Only the lines from the one containing "A picture of Aloo toast." to the end of the material are to be copied, exactly and in full; images stay out.

---------------

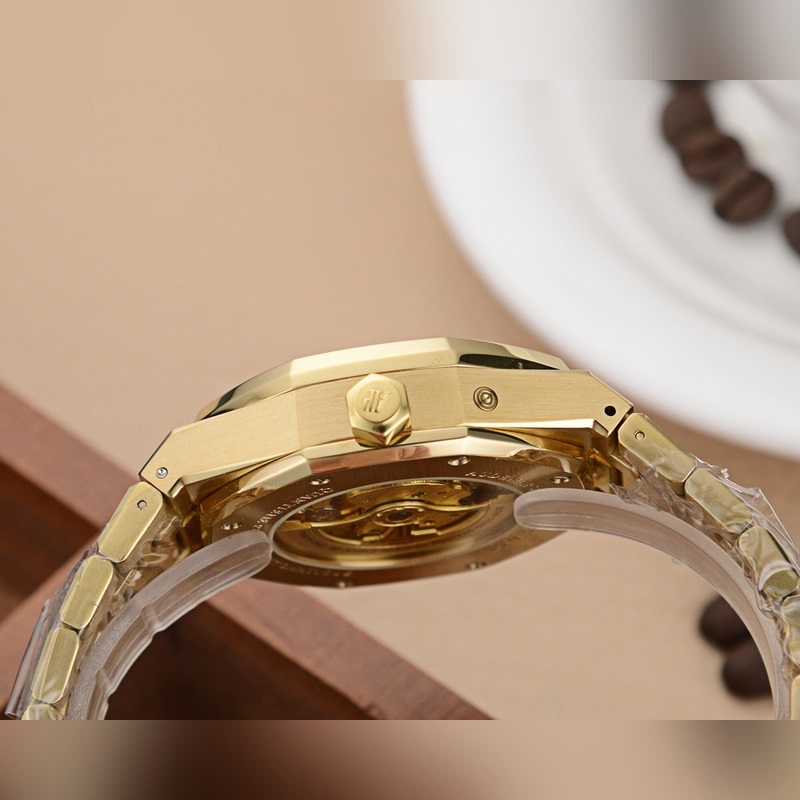 AP Royal Oak Men's Replica Watch Luxury Quality and Timeless Design-5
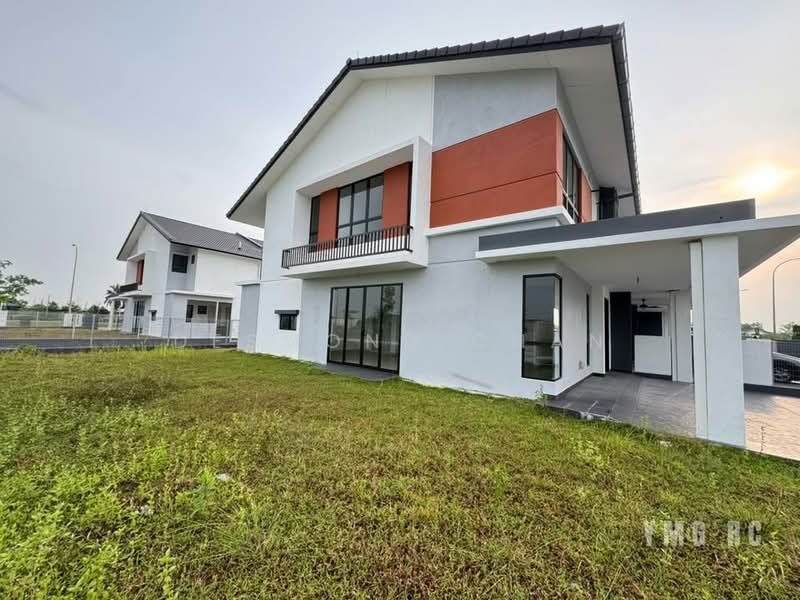 2-storey Terraced House for Sale in Bandar Bukit Raja (Klang) - Desmond Chan - Exterior - PropertyGuru.com.my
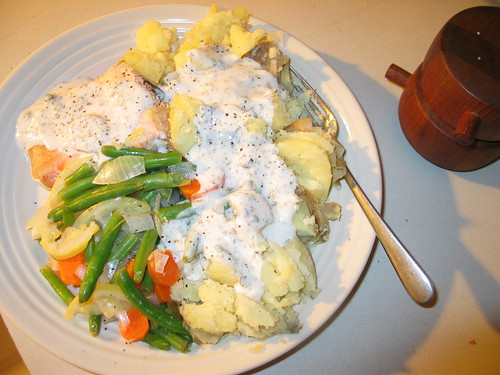 Poached salmon & veggies, w/potatoes and yogurt dill sauce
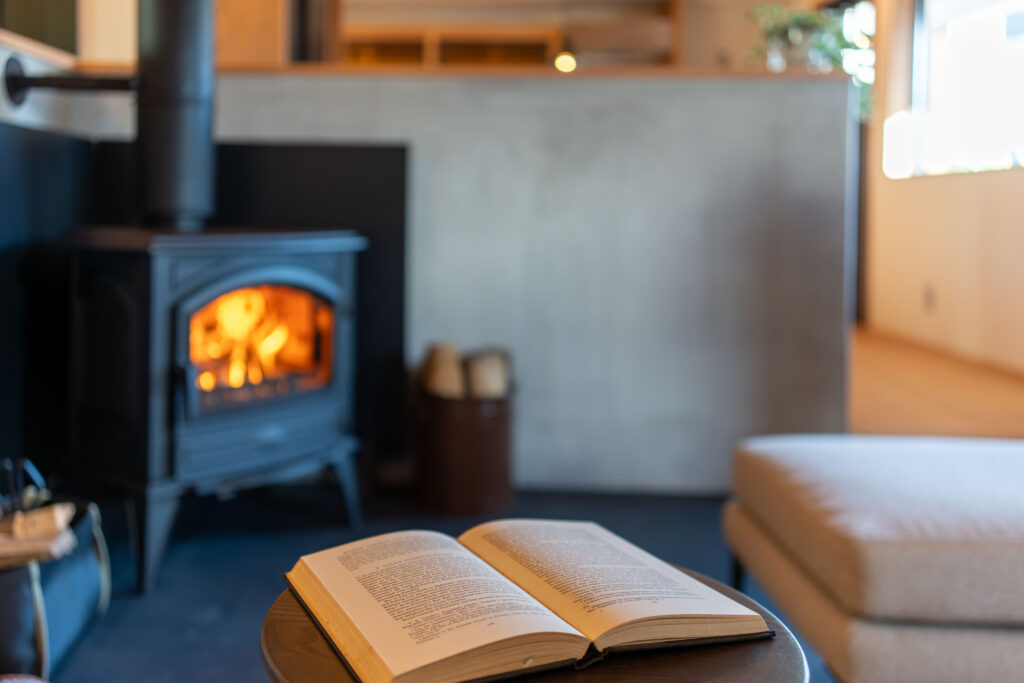 新築見学会 ヤマネコハウス 薪ストーブ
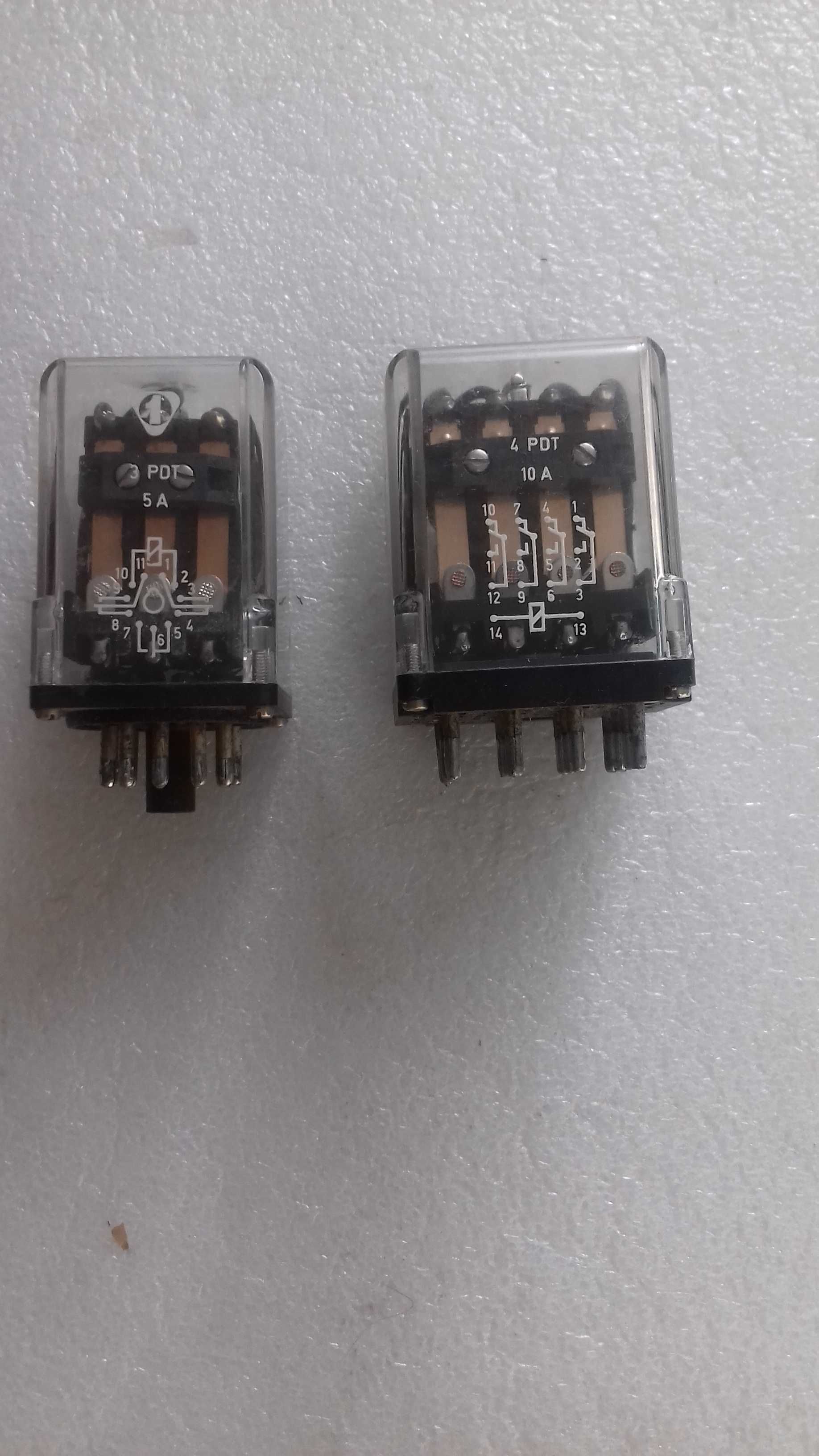 Przekażnik   R15  3PDT , 10A , 220V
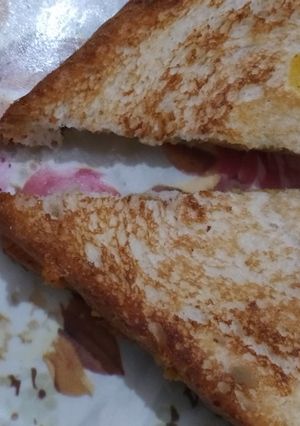 A picture of Aloo toast.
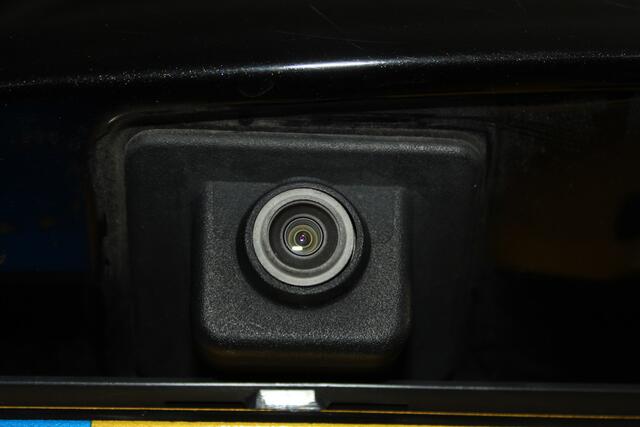 Opel Crossland X 1.2-131pk Turbo Innovation. Two tone. Erg nette en luxe hoogzitter voor nog jaren rijplezier ! Autm. airco, parkeersensoren v+a, camera, LM wielen, ergonomische voorstoelen, cruise control, side assist, navigatie, telefoonvoorb. etc.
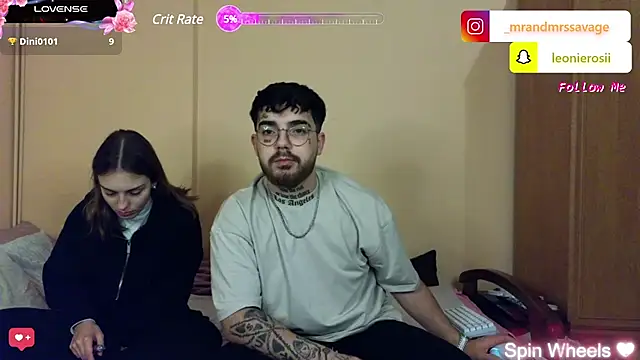 Snapshot of MrAndMrsSavage chatting on 02.07.25 MrAndMrsSavage online show from 02.07.25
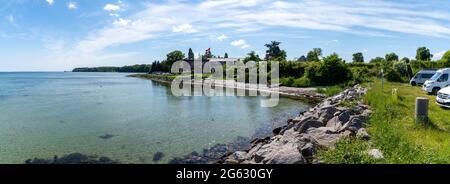 Lundeborg, Dänemark - 9. Juni 2021: Panorama von Wohnmobilen, die auf einem Parkplatz an der idyllischen Küste der Insel Fünen im Süden Dänemarks geparkt sind Stockfoto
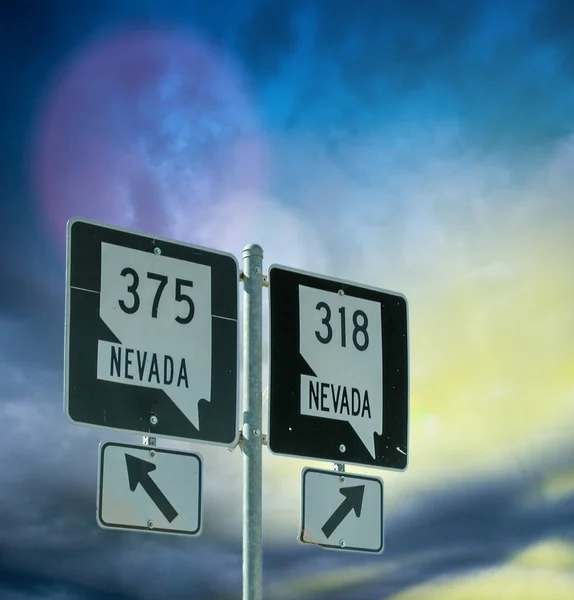 Sinais rodoviários interestaduais em Nevada, EUA — Fotografia de Stock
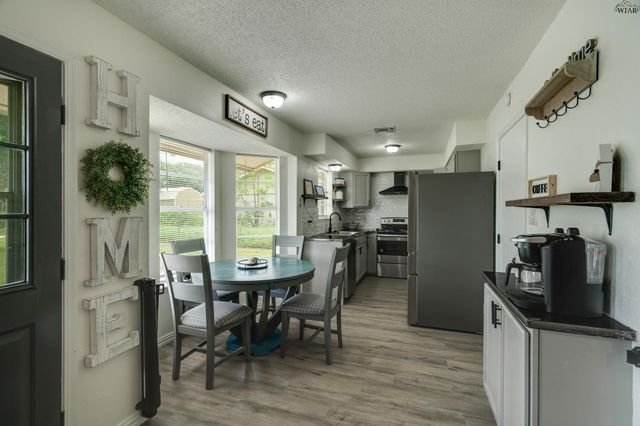 211 DIRKS DRIVE, Wichita Falls, TX 76302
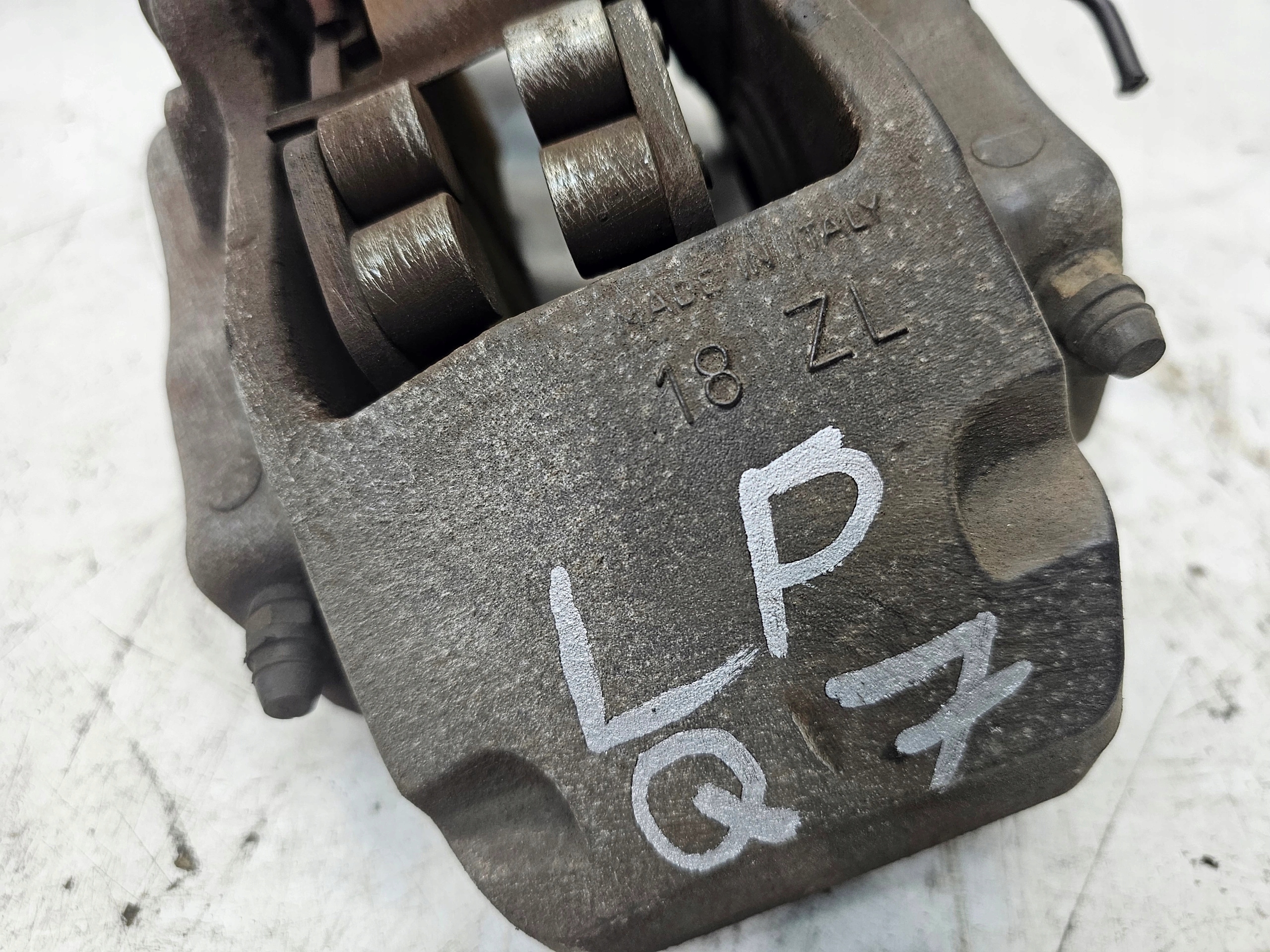 caliper brake left front AUDI Q7 4L 18 ZL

---------------

EXERCISE SOLUTION:
 A picture of Aloo toast.
 Opel Crossland X 1.2-131pk Turbo Innovation. Two tone. Erg nette en luxe hoogzitter voor nog jaren rijplezier ! Autm. airco, parkeersensoren v+a, camera, LM wielen, ergonomische voorstoelen, cruise control, side assist, navigatie, telefoonvoorb. etc.
 Snapshot of MrAndMrsSavage chatting on 02.07.25 MrAndMrsSavage online show from 02.07.25
 Lundeborg, Dänemark - 9. Juni 2021: Panorama von Wohnmobilen, die auf einem Parkplatz an der idyllischen Küste der Insel Fünen im Süden Dänemarks geparkt sind Stockfoto
 Sinais rodoviários interestaduais em Nevada, EUA — Fotografia de Stock
 211 DIRKS DRIVE, Wichita Falls, TX 76302
 caliper brake left front AUDI Q7 4L 18 ZL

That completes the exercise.